In 1985, he attempted to "whet our interest" in Huntsville's 20th century houses. His article, initially published in the Historic Huntsville Review (reprinted with permission of the Huntsville-Madison County Historical Society), surveys these relatively recent buildings from a late-20th century vantage point, as he noted, "only about 15 years" from the century's end (Historic Huntsville Quarterly, Vol. XI, Nos. 2 & 3, Winter/Spring, 1985).

In the last years of the century, his comments are still valid. Harvie cast his remarks in the form of a brief introductory overview followed by a "picture story" of interesting examples. From his vast files of photographs, we located Harvie's original black and white photographs so that the images would be as clear as possible.

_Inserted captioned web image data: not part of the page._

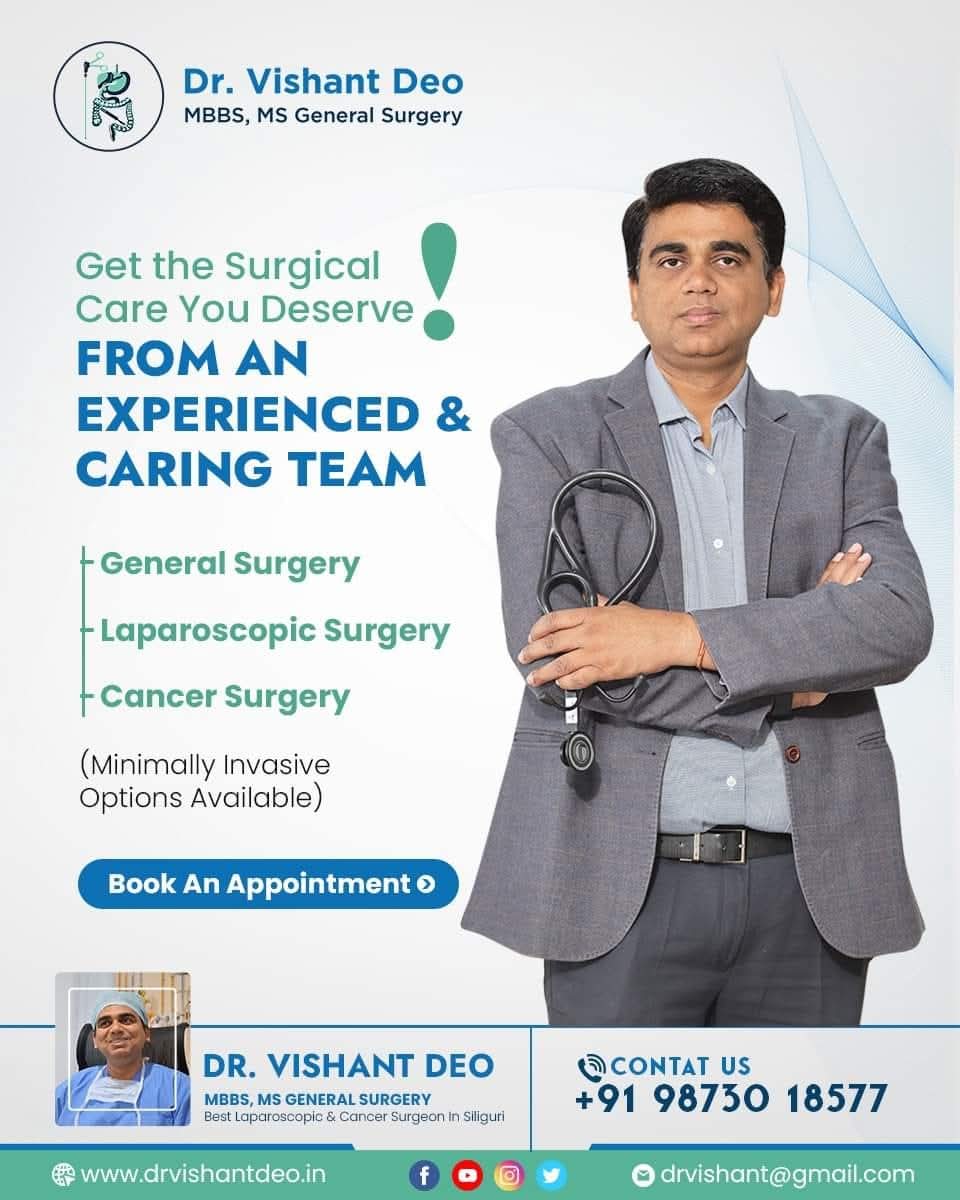 Best surgeon in siliguri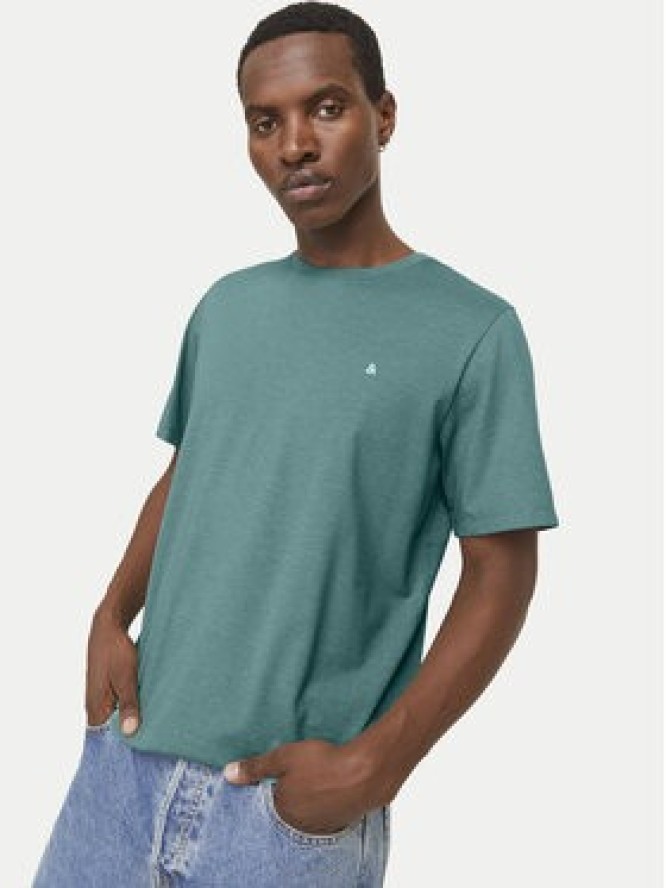 Jack & Jones T-Shirt Paulos 12245087 Turkusowy Regular Fit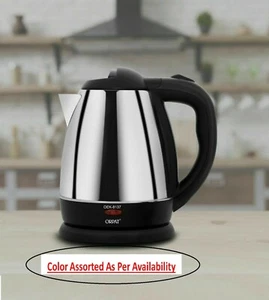 Orpat Steaming Cordless 1.2 Liter Aluminum Die Cast Body Electric Tea Kettle - Picture 1 of 6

In September 1998, when Harvie was reviewing the picture captions he had written thirteen years earlier, he noted "Almost every caption begins with 'this.' Too bad, but no editor was available to point out this stylistic defect." For this republication of Harvie's article. Historic Huntsville Quarterly Editor Margaret J. Vann has made the changes Harvie would have wanted.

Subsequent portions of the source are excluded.